6.Jika cerita kebangkitan Yesus itu memang benar-benar  hanyalah sebuah siasat, pembodohan dan penyesatan yang ditujukan khusus hanya bagi orang-orang non Yahudi, maka apa yang terjadi dengan Umat Kristen dengan janji penebusan dosa dan keselamatan dari cerita2 kebangkitan itu?

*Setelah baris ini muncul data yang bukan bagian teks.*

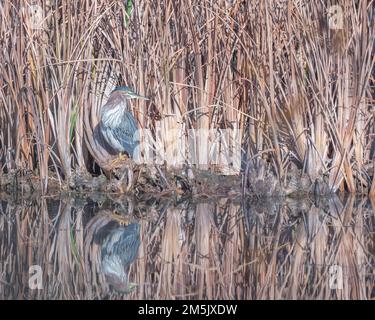 Un Heron vert (Butorides virescens) perche sur le bord d'un lac Franklin Canyon à Los Angeles, CA. Banque D'Images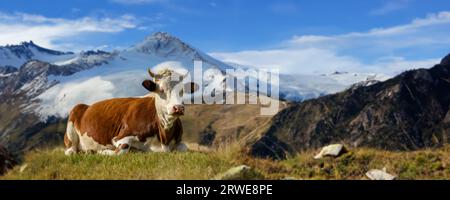 Mucca bruna che pascolava su pascolo in autunno su una montagna con fondo innevato. Concetto di agricoltura Foto Stock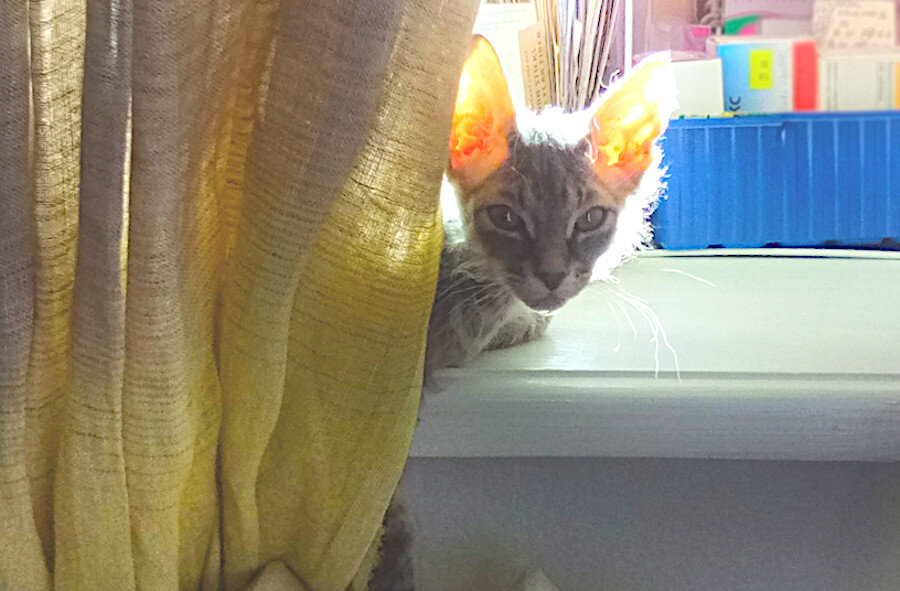 Кошачий характер. Лопоухий Макскс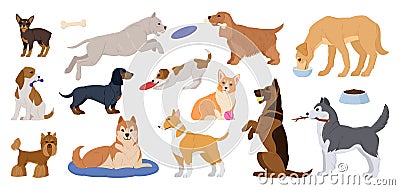 Cartoon purebred dogs. Happy active puppies, sleeping, playing and eating domestic dogs, corgi and husky cute pets flat vector Vector Illustration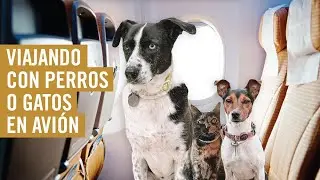 Como viajar con tu perro o gato en avión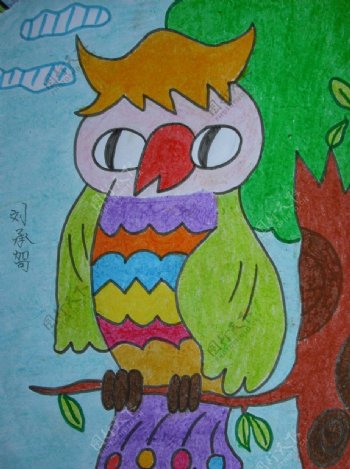 儿童蜡笔画猫头鹰图片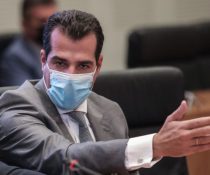 Πλεύρης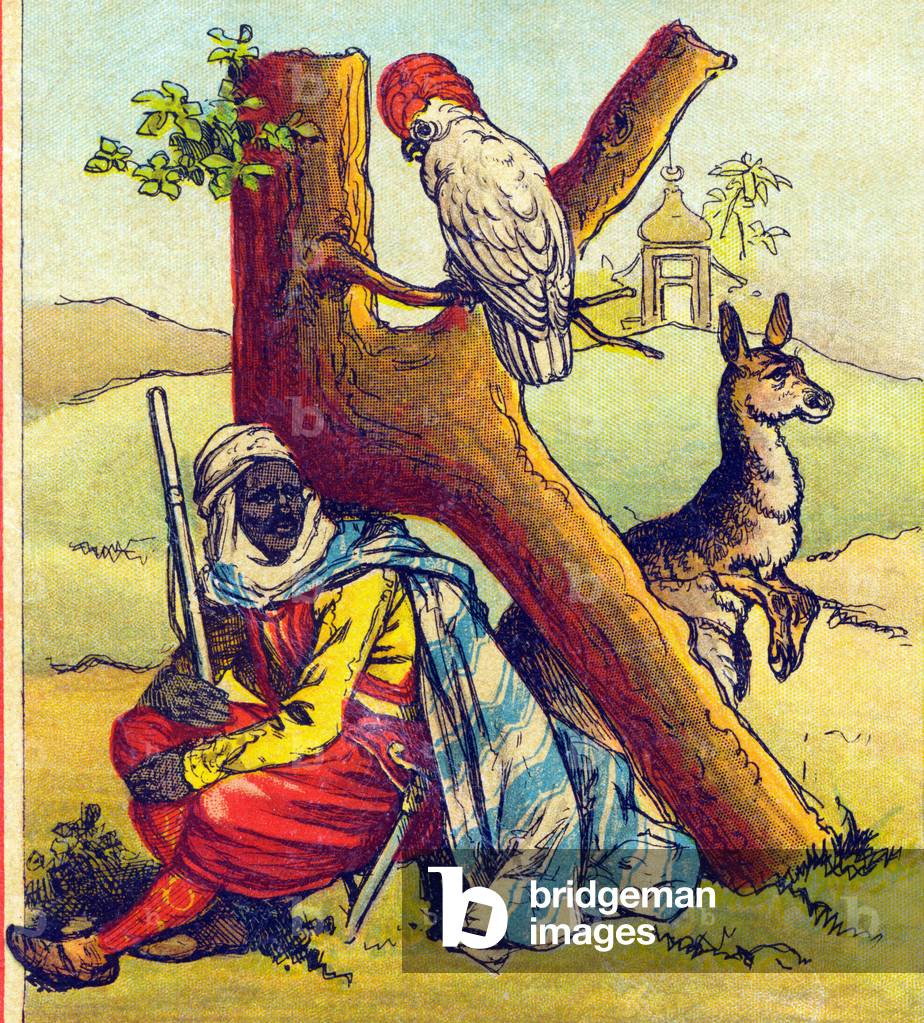 Bild von Fotografie "Buchstabe K: Kabyle" 1900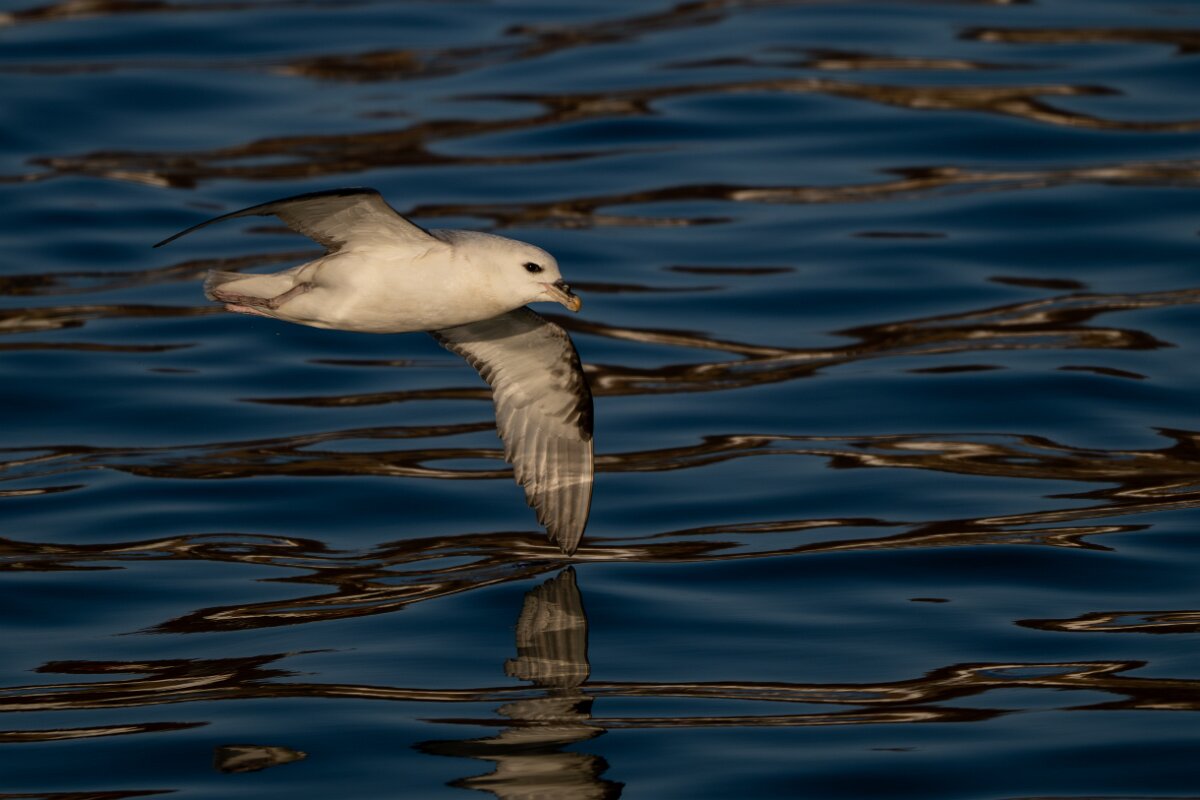 DPPhotography - Iceland - Fulmar - AB.jpg - Fulmar - Húsavík harbour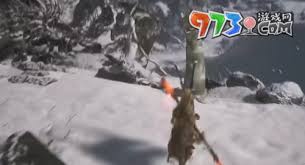 黑神话悟空地涌金莲种子高效获取攻略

Jika kisah itu dusta, maka tak ada orang Kristen yang diselamatkan. Tapi kalau benar, maka andalah yang akan gigit jari, bukan?! Mari kita buka kartunya; siapakah yang membuat cerita dusta? Para rasul atau masyarakat yang nggak jelas? Jadi, manakah yang benar?